-------- Extracted material --------

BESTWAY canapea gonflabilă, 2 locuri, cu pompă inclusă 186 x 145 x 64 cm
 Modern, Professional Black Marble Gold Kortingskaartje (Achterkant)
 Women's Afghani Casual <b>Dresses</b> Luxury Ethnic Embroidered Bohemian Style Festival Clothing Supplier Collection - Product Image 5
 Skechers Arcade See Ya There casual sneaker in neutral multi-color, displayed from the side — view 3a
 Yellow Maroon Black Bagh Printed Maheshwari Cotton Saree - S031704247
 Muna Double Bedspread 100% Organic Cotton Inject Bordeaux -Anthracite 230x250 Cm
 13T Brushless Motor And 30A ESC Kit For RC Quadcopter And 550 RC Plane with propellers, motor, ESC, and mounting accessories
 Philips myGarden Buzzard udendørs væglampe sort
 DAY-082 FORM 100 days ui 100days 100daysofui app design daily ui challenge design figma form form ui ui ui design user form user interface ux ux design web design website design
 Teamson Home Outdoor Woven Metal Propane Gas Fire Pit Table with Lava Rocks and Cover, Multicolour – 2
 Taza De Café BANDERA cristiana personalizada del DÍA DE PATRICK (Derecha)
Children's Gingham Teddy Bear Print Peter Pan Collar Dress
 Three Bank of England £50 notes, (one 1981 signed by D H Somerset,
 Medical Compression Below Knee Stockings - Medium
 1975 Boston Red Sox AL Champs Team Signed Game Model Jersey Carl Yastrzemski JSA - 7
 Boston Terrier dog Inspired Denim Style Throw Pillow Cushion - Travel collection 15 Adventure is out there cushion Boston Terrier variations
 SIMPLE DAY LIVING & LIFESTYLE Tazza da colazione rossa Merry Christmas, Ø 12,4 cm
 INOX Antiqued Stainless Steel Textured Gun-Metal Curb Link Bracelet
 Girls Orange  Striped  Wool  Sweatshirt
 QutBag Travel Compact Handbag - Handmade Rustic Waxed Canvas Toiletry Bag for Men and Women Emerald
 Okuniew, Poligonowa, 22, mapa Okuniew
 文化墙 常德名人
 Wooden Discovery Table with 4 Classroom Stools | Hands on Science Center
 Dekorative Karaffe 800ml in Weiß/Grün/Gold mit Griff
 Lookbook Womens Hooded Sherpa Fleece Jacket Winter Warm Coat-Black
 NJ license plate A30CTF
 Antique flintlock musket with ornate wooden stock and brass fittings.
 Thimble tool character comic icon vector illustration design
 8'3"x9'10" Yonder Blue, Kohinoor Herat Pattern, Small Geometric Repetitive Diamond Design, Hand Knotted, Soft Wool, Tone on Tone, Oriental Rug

--------

**Task brief**: Copy out only the lines above from the one with "Skechers Arcade See" to the one with "Dekorative Karaffe 800ml", inclusive, exactly as they stand.

**Solved exercise**:
 Skechers Arcade See Ya There casual sneaker in neutral multi-color, displayed from the side — view 3a
 Yellow Maroon Black Bagh Printed Maheshwari Cotton Saree - S031704247
 Muna Double Bedspread 100% Organic Cotton Inject Bordeaux -Anthracite 230x250 Cm
 13T Brushless Motor And 30A ESC Kit For RC Quadcopter And 550 RC Plane with propellers, motor, ESC, and mounting accessories
 Philips myGarden Buzzard udendørs væglampe sort
 DAY-082 FORM 100 days ui 100days 100daysofui app design daily ui challenge design figma form form ui ui ui design user form user interface ux ux design web design website design
 Teamson Home Outdoor Woven Metal Propane Gas Fire Pit Table with Lava Rocks and Cover, Multicolour – 2
 Taza De Café BANDERA cristiana personalizada del DÍA DE PATRICK (Derecha)
Children's Gingham Teddy Bear Print Peter Pan Collar Dress
 Three Bank of England £50 notes, (one 1981 signed by D H Somerset,
 Medical Compression Below Knee Stockings - Medium
 1975 Boston Red Sox AL Champs Team Signed Game Model Jersey Carl Yastrzemski JSA - 7
 Boston Terrier dog Inspired Denim Style Throw Pillow Cushion - Travel collection 15 Adventure is out there cushion Boston Terrier variations
 SIMPLE DAY LIVING & LIFESTYLE Tazza da colazione rossa Merry Christmas, Ø 12,4 cm
 INOX Antiqued Stainless Steel Textured Gun-Metal Curb Link Bracelet
 Girls Orange  Striped  Wool  Sweatshirt
 QutBag Travel Compact Handbag - Handmade Rustic Waxed Canvas Toiletry Bag for Men and Women Emerald
 Okuniew, Poligonowa, 22, mapa Okuniew
 文化墙 常德名人
 Wooden Discovery Table with 4 Classroom Stools | Hands on Science Center
 Dekorative Karaffe 800ml in Weiß/Grün/Gold mit Griff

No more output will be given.